▶ _INSTRUCTIONS TO FOLLOW_:
Word for word, please restate each record and pass over the pictures.

▶ _PROVIDED DATA_:
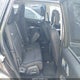 3C4PDCAB9FT714290 2015 Dodge Journey Se auction photo thumbnail 8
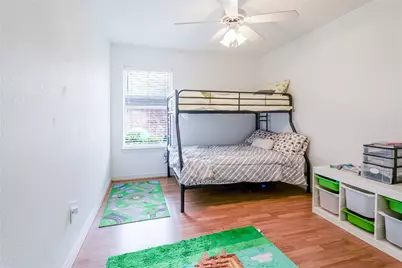 721 Azalea Trail, Waxahachie, TX 75165 - Photo 11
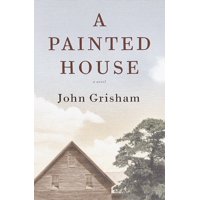 A Painted House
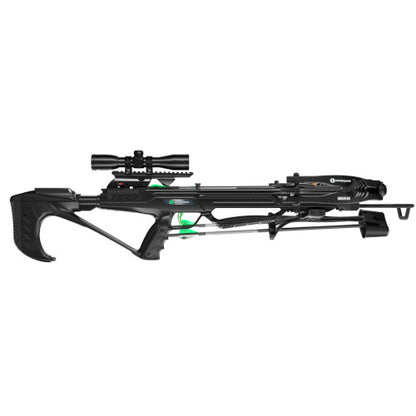 Centerpoint Dagger 405 Crossbow 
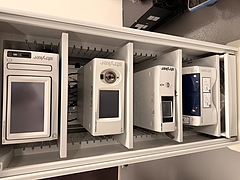Asset Image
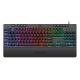 Shiva K512RGB-1 Gaming Keyboard - EP2939044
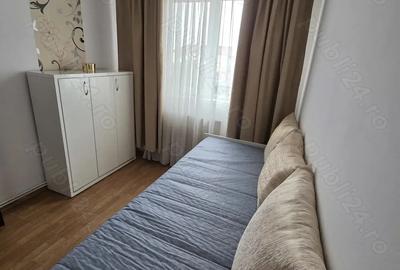 Ap 3 camere zona Milea Rahovei Ap 3 camere zona Milea Rahovei - 9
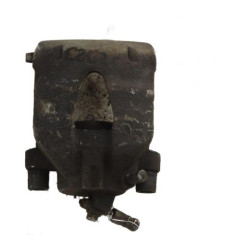 Etrier avant droit (freinage) AUDI A1 2 Photo n°6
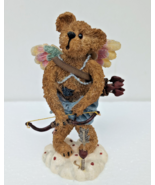 Boyd&#39;s Bear Archer  Valentino Slipshot 2000 Special Occasion Collection ... - £7.10 GBP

▶ _TASK RESPONSE_:
 3C4PDCAB9FT714290 2015 Dodge Journey Se auction photo thumbnail 8
 721 Azalea Trail, Waxahachie, TX 75165 - Photo 11
 A Painted House
 Centerpoint Dagger 405 Crossbow 
Asset Image
 Shiva K512RGB-1 Gaming Keyboard - EP2939044
 Ap 3 camere zona Milea Rahovei Ap 3 camere zona Milea Rahovei - 9
 Etrier avant droit (freinage) AUDI A1 2 Photo n°6
 Boyd&#39;s Bear Archer  Valentino Slipshot 2000 Special Occasion Collection ... - £7.10 GBP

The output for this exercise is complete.